If a party wishes to ensure certain outcomes, clear language is absolutely needed

Recent UK Commercial Court judgment underlines the importance of drafting clear indemnity language, to give effect to the rights and obligation insurers believe they contractually assume

The recent UK Commercial Court judgment handed down on June 9, 2023 in the case of PA (GI) Ltd v Cigna Insurance Services (Europe) Ltd (2023) is a reminder to the insurance market to be very certain and clear in how it drafts indemnity language, to give effect to the rights and obligation it believes they contractually assume.

The case and dispute concerned the legal construction of two contractual indemnities given by the defendant insurer, Cigna, first in a business transfer agreement (BTA) entered into in 2003 and in a deed of warranty and indemnity (DWI) granted in 2006.

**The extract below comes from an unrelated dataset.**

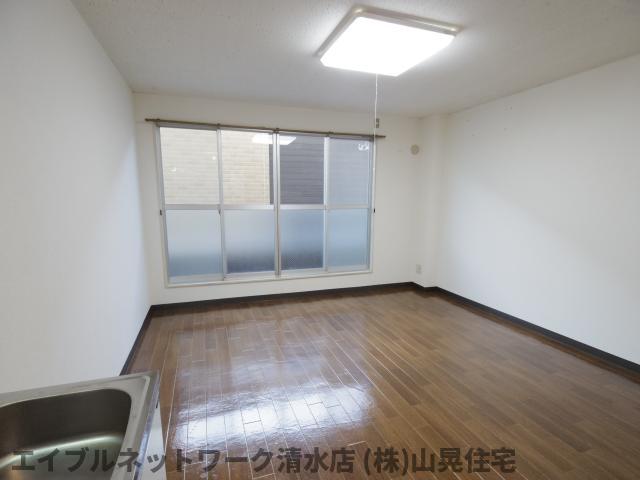 居室・リビング　ゆったりとした居間です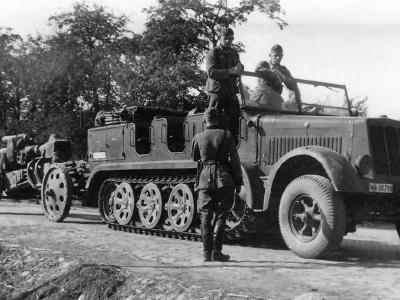 SdKfz 7 and sFH 18 1939 Poland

The claimant, insurer PA (GI), sued to recover compensation and costs it had paid out and incurred following the mis-selling of payment protection insurance (PPI) policies. The PPI policies were sold to customers between 1991 and 2004 by Next plc, acting as agent for PA (GI) as the insurer.

Relevant background was the corporate history concerning the parties. In 1996, PA (GI) became an indirect subsidiary of RSA as a result of the merger between the Sun Alliance and Royal Insurance groups and in September 2004 it was sold to the Resolution Life Group.

Cigna was established as part of a management buy-out from RSA in 2003 and it was under the BTA that RSA sold certain insurance operations to Cigna, including the PPI policy business that was being managed on behalf of Next. 

In 2006, PA (GI) transferred its creditor insurance business, including the PPI business, with court approval to Groupama. It was in connection with that business that Cigna entered into the DWI.

Complaints of mis-selling were first made after 2006 and the entering into of the DWI. Both the Financial Ombudsman and then the High Court ultimately ruled PA (GI), not Groupama, was the correct respondent to those complaints and PA (GI) remained liable.

PA (GI)’s liabilities for the PPI mis-selling had not transferred to Groupama. Consequently, PA (GI) claimed against Cigna, arguing it had the benefit of indemnities Cigna had given under the BTA or DWI.

Cigna’s principal defence was PA (GI)’s liabilities arose because of negligence and the indemnities properly construed did not extend to indemnifying for negligence. Cigna relied on the case Canada Steamship Lines Ltd v The King (1952). Cigna argued this established an underlying legal principle based on what is regarded as the “inherent improbability” of one party agreeing to assume liability for another party’s wrongdoing and so such inherent improbability requires clearly expressed words to be used for one party to be held liable in agreement for the wrong­doing of the other.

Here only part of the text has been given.